Il décrit quelques initiatives politiques intéressantes entre des groupes autochtones et les gouvernements allochtones sur des questions de souveraineté territoriale et d’entente économique, mais il n’en présente que trois. Entre autres exemples omis, notons l’entente de la Paix des Braves de 2002, conclue entre les Cris et le gouvernement québécois. Bien que cette entente semble converger avec ce qu’il promeut, à savoir se doter d’outils pour la planification, la gestion, le développement des activités et le partage des revenus, cela ne sert sans doute pas le ton du livre, qui se veut ironique. De toute manière, en ce qui concerne les problèmes de colonialisme et de souveraineté, c’est toujours Washington et Ottawa qui contrôlent les crédits et dictent les règles du jeu.
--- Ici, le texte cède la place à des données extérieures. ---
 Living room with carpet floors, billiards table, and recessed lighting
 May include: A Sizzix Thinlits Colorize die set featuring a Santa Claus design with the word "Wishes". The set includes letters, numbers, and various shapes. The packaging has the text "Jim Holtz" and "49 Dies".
Ce livre contient peu d’études, peu de comptes-rendus, mais il présente néanmoins une foule de renseignements tirés de conversations que l’auteur a eues avec de multiples universitaires de différents domaines sur des questions autochtones. King se base sur son expérience, sur le colossal bagage historique qu’il a amassé et sur ses talents de conteur pour livrer un récit ironique de l’histoire de l’Amérique du Nord plus léger à lire, malgré le lourd sujet du colonialisme. C’est donc un livre difficile à définir. Certains diront qu’il s’agit d’un essai historique ; nous choisissons plutôt de ne pas le catégoriser et de simplement en apprécier et en recommander la lecture.